Quand le pays brûle, quand les flammes dévastent les forêts, s’emparent de maisons, poussent devant elles des milliers d’évacué·es. Quand les canicules successives tuent. Quand la sécheresse gagne, qu’il n’y aura bientôt plus d’eau, on sait ce que fait le gouvernement : soutenir les banques qui soutiendront financièrement Marine Le Pen en campagne présidentielle. On connaît aussi les lois écocides votées par l’engeance droitarde et extrême droitarde des parlements avant des vacances bien méritées. Mais, vous demandez-vous, à quoi s’occupent donc les brigades de recherche et d’intervention de la police nationale ? À traquer enfin les violeurs d’enfants qui coulent des jours heureux malgré les dépôts de plaintes ? Ah, non non non. Un danger beaucoup plus grave menace : les jeunes militants de l’écologie.
Tremblez braves gens qui hésitez entre boire votre dernier verre d’eau pour ne pas succomber aux fortes chaleurs ou l’utiliser pour sauver votre maison des méga-feux, tremblez car juste à côté de chez vous vit peut-être un·e terrible activiste écolo. Horreur ! L’éco-terroriste est peut-être même chez vous, un pinceau entre les dents, ourdissant la confection de banderoles derrière la porte de sa chambre !
C’est ainsi qu’une brigade de ces perdreaux affutés se sont invités à la maison dès potron-minet, sans trouver la sonnette. Porte fracassée, ça s’appelle perquisition à grand spectacle, c’est sûr qu’on en a pris plein nos yeux encore ensommeillés.

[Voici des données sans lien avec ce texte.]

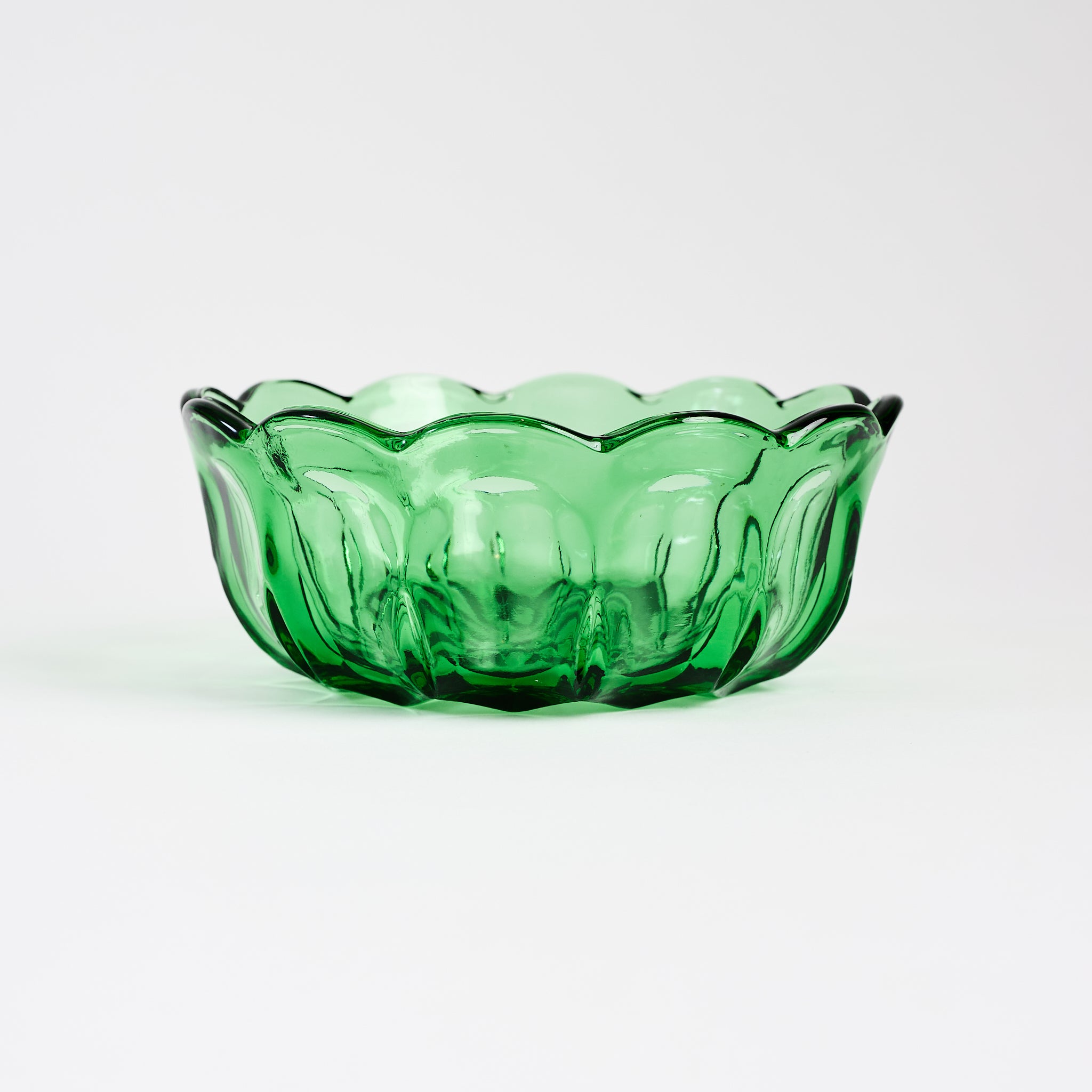 Vintage Low Green Bowl on a white background at Addison West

C’est ainsi qu’une dizaine de jeunes écolos se sont mangés 96 heures de garde à vue et un passage devant les juges tandis que la population avait, à juste titre, le regard tourné vers les Landes et la Gironde en feu.
C’est ainsi que, payés par vos impôts, des fonctionnaires ont filé pendant des jours un jeune activiste écolo dans sa routine quotidienne.
C’est ainsi que, parmi les effrayantes pièces à conviction butinées lors de la perquiz, un policier brandit, rouge et noire,… une carte de fidélité de la librairie Libertalia.
Mais l’intimidation est sans effet sur celles et ceux qui agissent avec l’aisance d’esprit que donne le fait d’être du bon côté de la lutte. La restriction des libertés individuelles n’arrête pas les têtes bien faites de penser.
Qui sont les malfaiteurs en réunion ? Pas nos jeunes qui s’impliquent avec courage et détermination à contrer la politique écocide dévastatrice qu’un pouvoir à la solde du patronat impose aux populations et à tout le vivant. Qui sont les malfaiteurs ? Qui sont les pyromanes ? Les mêmes politiciens et politiciennes déliquant·es, les mêmes prébendé·es des médias, les mêmes milliardaires, profiteurs de la mort des autres, qui n’ont pour objectif que l’accaparement des ressources et du pouvoir, pour dessein ultime de placer toutes les manettes dans les mains climaticides, racistes, corrompues, de l’extrême droite.